One more thing I will mention is this card.
This has a healthy 6.0 multiplier. I checked Star City for some of my prices for two reasons. One is that they have a lot in stock and don’t tend to list foils of good cards for really cheap and then run out of stock, meaning their numbers were more robust than most stores. Another reason is that when they sell out of stock, they leave the price it was when it sold out, meaning we know that this was very recently $8. It’s got a great trajectory and it’s hard to reprint. I like it less than I did last year but I feel the same way about my marriage so I can live with buying in now.
Foil Mulitiplier Can Be Like Spread
The lower it is, the more I like it as a buy (though not always, and less often with foil multiplier). Some of the cards are not a great buy because of where they were reprinted, but something like Elspeth, Sun’s Champion seems pretty strong to me. There are a ton of copies, but with a 1.0 multiplier, the foil is the cheapest copy available and has more upside since foils tend to grow exponentially (when the multiplier isn’t 1.0, anyway) if the growth is organic.

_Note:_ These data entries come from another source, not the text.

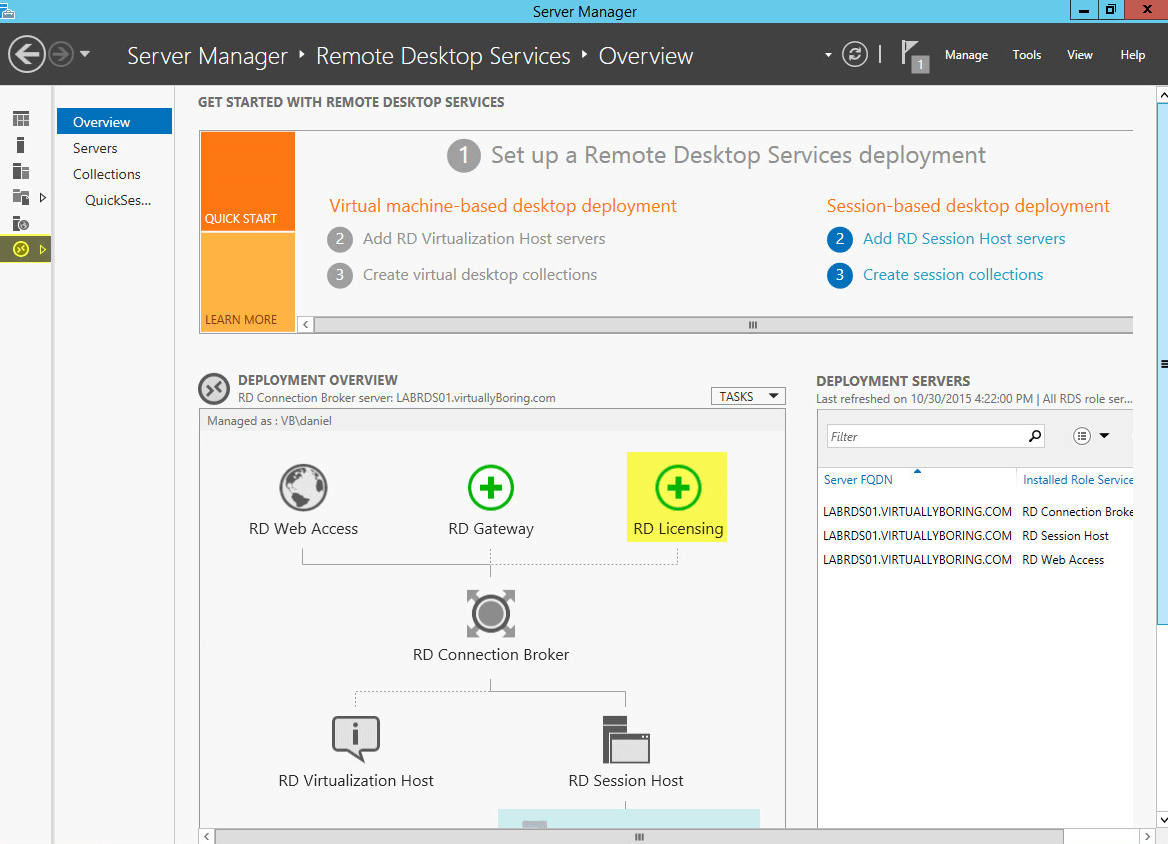 windows server 2012 remote desktop services configuration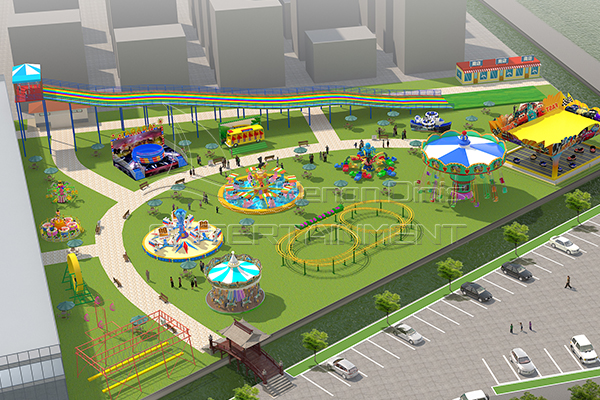 You Can Plan Kids Fun Park Like This Designed Picture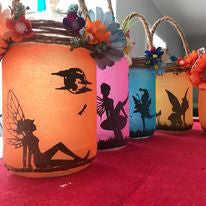 Handmade fairy night jar, view 2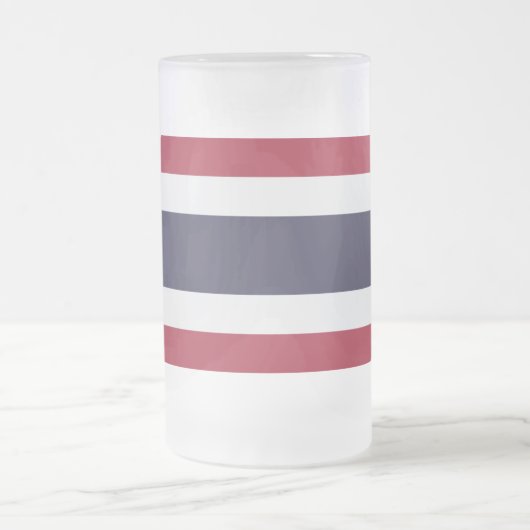 Matglas met vlag van Thailand Bierpul (Center)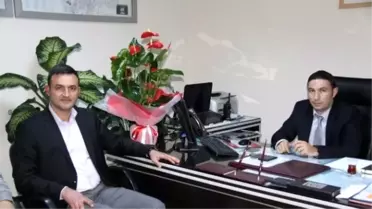 Ulama, Uedaş İnegöl Şube Müdürü Enis Gürer'i Ziyaret Etti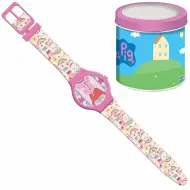 Luna: Orologio analogico Peppa Pig in scatola di metallo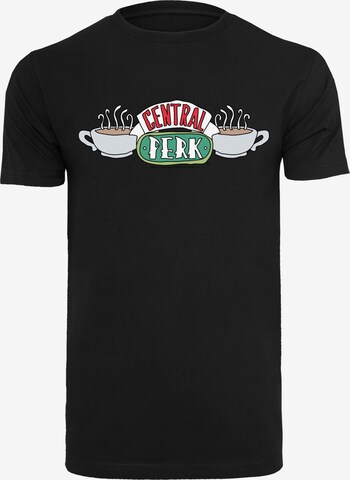 T-Shirt 'Central Perk Sketch' F4NT4STIC en noir : devant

Organic demand should theoretically push all copies at the same rate meaning the price will grow at the same time for foil and non-foil and therefore the foils have more upside. A lot of the cards with multipliers below 2.0 were in duel or Planeswalker decks as the marquee card and with those in every Walmart in North America, copies abound. Still, they are foils and people buying the best version and people buying the cheapest version are vying for the same copies in this instance only, which is curious. I think they have a good shot at recovering and being exposed to some upside. Not as much as regular foils, mind you, but with a lower upside exponent comes lower risk. I like Venser, the Sojourner, Utter End, Sylvan Library, Phyrexian Metamorph and Gilded Lotus of all the cards with multipliers below 2.0. The odds of another reprinting in foil seem very low and the odds of the cards growing in price because they’re the best at what they do is very high.
I didn’t find out as much as I wanted to by doing this exercise but since I spent all day on it, I figured at least publishing my findings was better than just not giving you an article. Besides, I found some stuff I like, and I linked the google doc with my numbers so you can read through and look for yourself. Do you see anything in the tea leaves? Leave (heh) it in the comments and we’ll talk about it next week. Until then!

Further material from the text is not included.